Abu Dhabi has set up an authority to develop mass housing as it pushes ahead with social welfare initiatives, in a move that could spur restructuring of the emirate's real estate sector.
The Abu Dhabi Housing Authority was established by United Arab Emirates President and Abu Dhabi ruler Sheikh Khalifa bin Zayed al-Nahayan, state news agency WAM said late on Wednesday.
It will develop housing programmes, outline rules and regulations for housing and create a database of applicants for loans, plots of land and low-cost houses, making review of applications easier.

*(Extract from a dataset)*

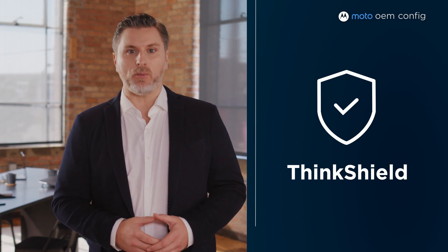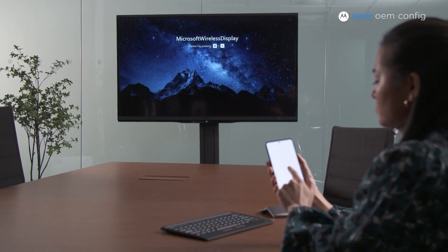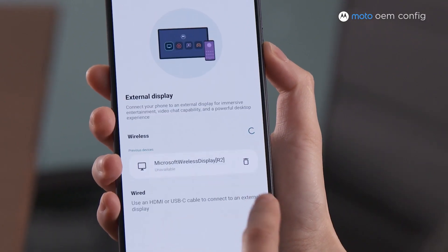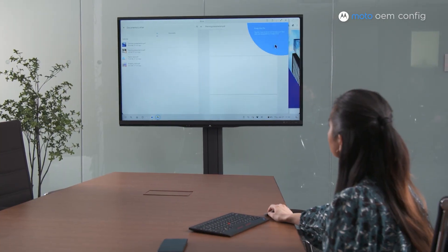And you'll gain access to exclusive Motorola for business solutions, like the unmatched security of ThinkShield for mobile, or take advantage of ReadyFor to bring your phone's content to the big screen. The Moto OEM config app makes it easy to bring Motorola's offerings to your pre-existing setup so you can remotely manage and secure your fleet of devices.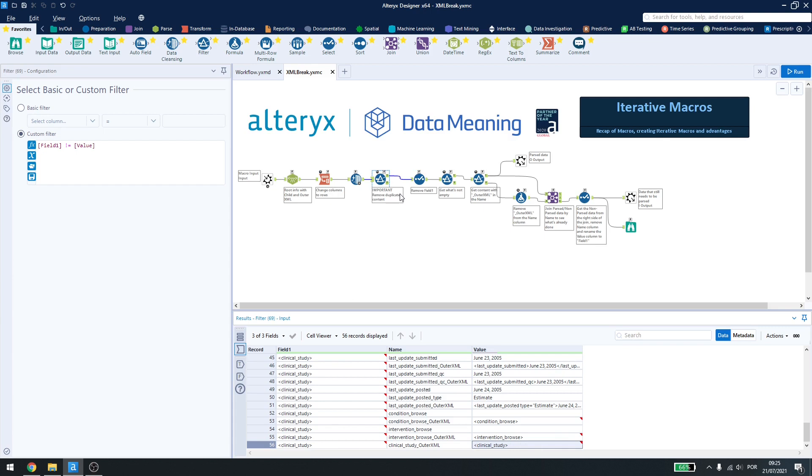If you have a file that you want to parse or if you have a file that you want to use in that macro, make sure that you're not submitting the same information, the same original information back to the macro or it will never have a stop condition.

Sheikh Hazza bin Zayed al-Nahayan, national security advisor and brother of the ruler, will chair the body, which will report to the Abu Dhabi Executive Council but have financial and administrative independence, WAM reported.
Abu Dhabi has boosted welfare spending for its citizens over the last couple of years, partly to avert any social discontent during Arab Spring uprisings elsewhere in the Middle East.
A property analyst at an Abu Dhabi-based bank, who declined to be named because of the sensitivity of the issue, said the housing authority could help the government restructure the residential real estate sector, which has been hit in the last few years by oversupply and a steep fall of prices.
One major plank of the restructuring is a planned state-backed merger between Abu Dhabi's two biggest real estate developers, Aldar Properties and Sorouh Real Estate Co . The merger talks were originally announced in March but a final agreement has not yet been reached, apparently because of disagreements over valuations.
The merger could help to support Abu Dhabi real estate prices by cutting back excess new supply and permitting better coordination of projects.
"The new housing authority is a further consolidation of the real estate sector and helps to put all the pillars together," the analyst said. "It is positive for Aldar and Sorouh, who can expect more contracts to develop housing."
Before the property crash many developers focused on high-end residential projects, but with the developments that it sponsors, the government has been shifting the industry's focus towards middle- and lower-income housing.